Félix le lanzó una mirada.

—Pensaba que erais vos quien nos instaba a ir a buscar el arpa.

—Debe intentarse, si yo quiero continuar en la senda del honor, pero no tenemos ninguna probabilidad de lograrlo —argumentó Aethenir.

—No es de extrañar que seáis una raza agonizante —murmuró Gotrek.

Félix tuvo que mostrar su acuerdo.

—Tal vez tendríamos mejores probabilidades si pusierais vuestra mente de erudito a trabajar en la búsqueda de una solución, en lugar de lamentaros de nuestra suerte.

El elfo sorbió por la nariz.

—Pensaré en ello.

—Bueno, no tardéis mucho —le advirtió Félix—. ¿Quién sabe a qué distancia estamos del mar de Manaanspoort?

Guardaron silencio mientras le daban vueltas al problema en la cabeza. A Félix se le ocurrían ideas descabelladas, planes sacados de los melodramas de peor calidad.

Esperarían hasta que regresara el esclavista, y entonces matarían a todos los guardias, vestirían a Aethenir con el uniforme de uno de ellos, y se presentarían así ante la suma hechicera. No. Ni siquiera Gotrek podría matar a ocho guardias con las manos desnudas. Y aunque pudiera, ¿qué probabilidades había de que el esclavista regresara antes de que el arca llegara al mar de Manaanspoort?

Fingirían su muerte tan bien que el capataz no se molestaría en degollarlos, y escaparían cuando los hubiesen sacado al exterior con los otros cuerpos. No. El capataz degollaba a todos los cadáveres, sin excepción.

Le dirían al capataz que Aethenir era un maestro de la sabiduría de Hoeth que le podría contar a la suma hechicera secretos sobre las defensas de Ulthuan, si lo llevaban ante ella.
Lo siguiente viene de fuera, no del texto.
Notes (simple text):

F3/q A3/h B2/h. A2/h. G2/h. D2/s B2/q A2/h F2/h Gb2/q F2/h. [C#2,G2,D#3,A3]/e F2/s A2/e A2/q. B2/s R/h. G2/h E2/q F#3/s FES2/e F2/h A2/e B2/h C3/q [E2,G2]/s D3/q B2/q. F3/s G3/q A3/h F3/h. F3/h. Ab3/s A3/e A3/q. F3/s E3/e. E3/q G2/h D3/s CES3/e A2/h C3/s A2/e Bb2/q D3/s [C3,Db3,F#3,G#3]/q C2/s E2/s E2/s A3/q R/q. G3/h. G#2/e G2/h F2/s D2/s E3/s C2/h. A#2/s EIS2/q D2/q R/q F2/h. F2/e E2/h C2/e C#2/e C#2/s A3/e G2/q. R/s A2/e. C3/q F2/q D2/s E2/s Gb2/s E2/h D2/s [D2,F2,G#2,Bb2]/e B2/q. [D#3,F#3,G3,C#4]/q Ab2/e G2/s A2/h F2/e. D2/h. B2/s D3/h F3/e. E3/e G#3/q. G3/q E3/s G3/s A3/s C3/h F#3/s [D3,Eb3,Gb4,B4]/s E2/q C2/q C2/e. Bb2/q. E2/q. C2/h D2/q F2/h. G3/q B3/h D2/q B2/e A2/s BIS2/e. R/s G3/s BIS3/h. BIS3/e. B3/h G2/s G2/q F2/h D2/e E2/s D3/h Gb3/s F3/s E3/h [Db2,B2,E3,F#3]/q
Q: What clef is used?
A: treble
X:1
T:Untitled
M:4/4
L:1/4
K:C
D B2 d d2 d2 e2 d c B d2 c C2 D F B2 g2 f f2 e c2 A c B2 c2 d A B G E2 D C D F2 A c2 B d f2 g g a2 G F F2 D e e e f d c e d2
No. Aunque los creyeran, el capataz se llevaría a Aethenir y dejaría a Gotrek y Félix en la celda.

Dejó caer la cabeza con desesperación. No se le ocurría nada. Aethenir tenía razón. Era imposible. Tenían demasiado poco conocimiento de qué había en el exterior de la cel-

da. No había manera de hacer planes realistas. Ni siquiera sabían si podrían atravesar las primeras tres puertas.
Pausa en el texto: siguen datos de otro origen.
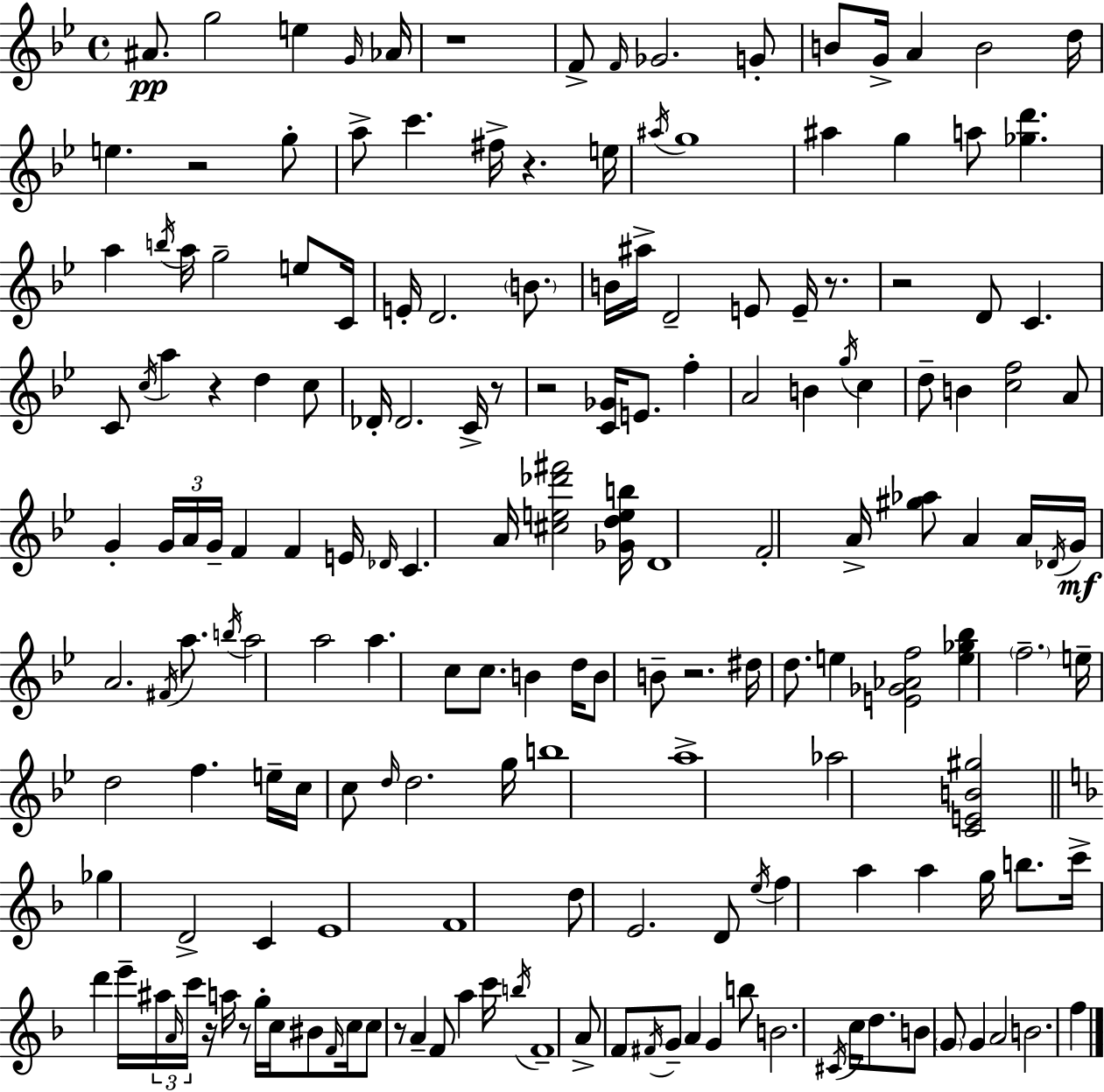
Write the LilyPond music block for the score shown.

{
  \clef treble
  \time 4/4
  \defaultTimeSignature
  \key g \minor
  ais'8.\pp g''2 e''4 \grace { g'16 } | aes'16 r1 | f'8-> \grace { f'16 } ges'2. | g'8-. b'8 g'16-> a'4 b'2 | \break d''16 e''4. r2 | g''8-. a''8-> c'''4. fis''16-> r4. | e''16 \acciaccatura { ais''16 } g''1 | ais''4 g''4 a''8 <ges'' d'''>4. | \break a''4 \acciaccatura { b''16 } a''16 g''2-- | e''8 c'16 e'16-. d'2. | \parenthesize b'8. b'16 ais''16-> d'2-- e'8 | e'16-- r8. r2 d'8 c'4. | \break c'8 \acciaccatura { c''16 } a''4 r4 d''4 | c''8 des'16-. des'2. | c'16-> r8 r2 <c' ges'>16 e'8. | f''4-. a'2 b'4 | \break \acciaccatura { g''16 } c''4 d''8-- b'4 <c'' f''>2 | a'8 g'4-. \tuplet 3/2 { g'16 a'16 g'16-- } f'4 | f'4 e'16 \grace { des'16 } c'4. a'16 <cis'' e'' des''' fis'''>2 | <ges' d'' e'' b''>16 d'1 | \break f'2-. a'16-> | <gis'' aes''>8 a'4 a'16 \acciaccatura { des'16 }\mf g'16 a'2. | \acciaccatura { fis'16 } a''8. \acciaccatura { b''16 } a''2 | a''2 a''4. | \break c''8 c''8. b'4 d''16 b'8 b'8-- r2. | dis''16 d''8. e''4 | <e' ges' aes' f''>2 <e'' ges'' bes''>4 \parenthesize f''2.-- | e''16-- d''2 | \break f''4. e''16-- c''16 c''8 \grace { d''16 } d''2. | g''16 b''1 | a''1-> | aes''2 | \break <c' e' b' gis''>2 \bar "||" \break \key f \major ges''4 d'2-> c'4 | e'1 | f'1 | d''8 e'2. d'8 | \break \acciaccatura { e''16 } f''4 a''4 a''4 g''16 b''8. | c'''16-> d'''4 e'''16-- \tuplet 3/2 { ais''16 \grace { a'16 } c'''16 } r16 a''16 r8 g''16-. c''16 | bis'8 \grace { f'16 } c''16 c''8 r8 a'4-- f'8 a''4 | c'''16 \acciaccatura { b''16 } f'1-- | \break a'8-> f'8 \acciaccatura { fis'16 } g'8-- a'4 g'4 | b''8 b'2. | \acciaccatura { cis'16 } c''16 d''8. b'8 \parenthesize g'8 g'4 a'2 | b'2. | \break f''4 \bar "|."
}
Miró a Aethenir y Gotrek. No parecían estar teniendo más éxito que él. Aethenir permanecía sentado sin más, pasándose los dedos por el pelo y murmurando la misma frase una y otra vez:

—Tengo que permanecer en la senda. Tengo que permanecer en la senda.

Gotrek tenía la mirada fija ante sí, con su único ojo inexpresivo y remoto, y hacía crujir sus nudillos con aire ausente.
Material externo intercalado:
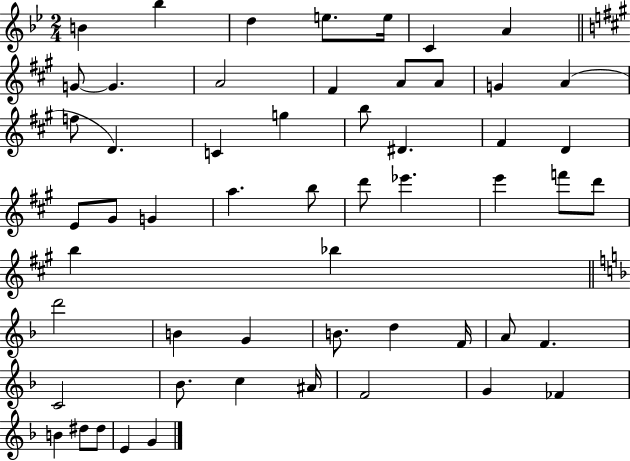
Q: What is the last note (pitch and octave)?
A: G4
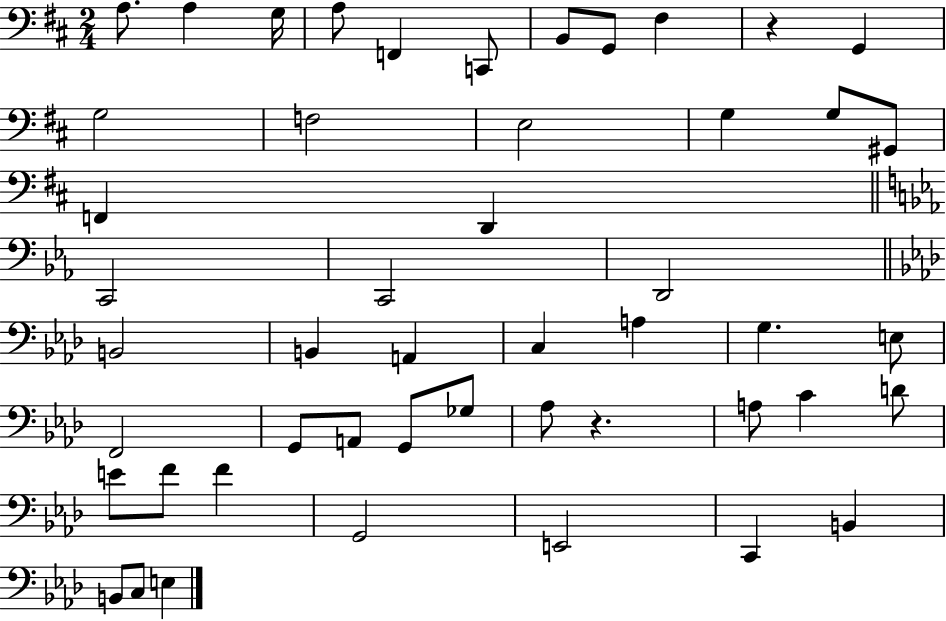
{
  \clef bass
  \numericTimeSignature
  \time 2/4
  \key d \major
  \repeat volta 2 { a8. a4 g16 | a8 f,4 c,8 | b,8 g,8 fis4 | r4 g,4 | \break g2 | f2 | e2 | g4 g8 gis,8 | \break f,4 d,4 | \bar "||" \break \key ees \major c,2 | c,2 | d,2 | \bar "||" \break \key aes \major b,2 | b,4 a,4 | c4 a4 | g4. e8 | \break f,2 | g,8 a,8 g,8 ges8 | aes8 r4. | a8 c'4 d'8 | \break e'8 f'8 f'4 | g,2 | e,2 | c,4 b,4 | \break b,8 c8 e4 | } \bar "|."
}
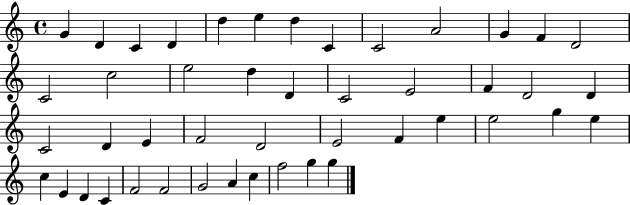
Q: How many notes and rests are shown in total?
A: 46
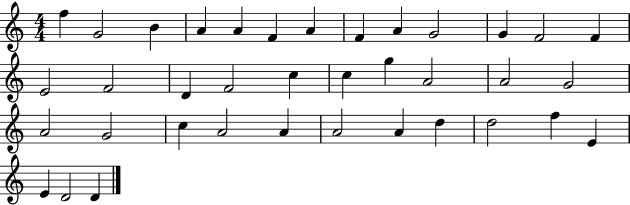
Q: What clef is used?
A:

Félix suspiró, se recostó contra la pared y cerró los ojos, decidido a repasarlo todo una vez más. Tenía que haber algún modo. Tenía que haberlo.

Félix despertó cuando Gotrek gruñó y se sentó. Abrió los ojos y miró en torno. No parecía haber cambiado nada. Los prisioneros yacían tosiendo, gimiendo o roncando en el suelo, como de costumbre. No se oía ningún sonido extraño en el exterior de la celda. La llave no giraba en la cerradura y, sin embargo, Gotrek miraba en torno, alerta y despierto.

—¿Qué sucede? —masculló Félix, soñoliento.

—El arca se ha detenido —dijo Gotrek.

—¿Detenido? —preguntó Félix—. ¿Cómo lo sabes?

—Créeme, humano —dijo Gotrek—. El estómago de un enano sabe cuándo un barco navega… y cuándo no.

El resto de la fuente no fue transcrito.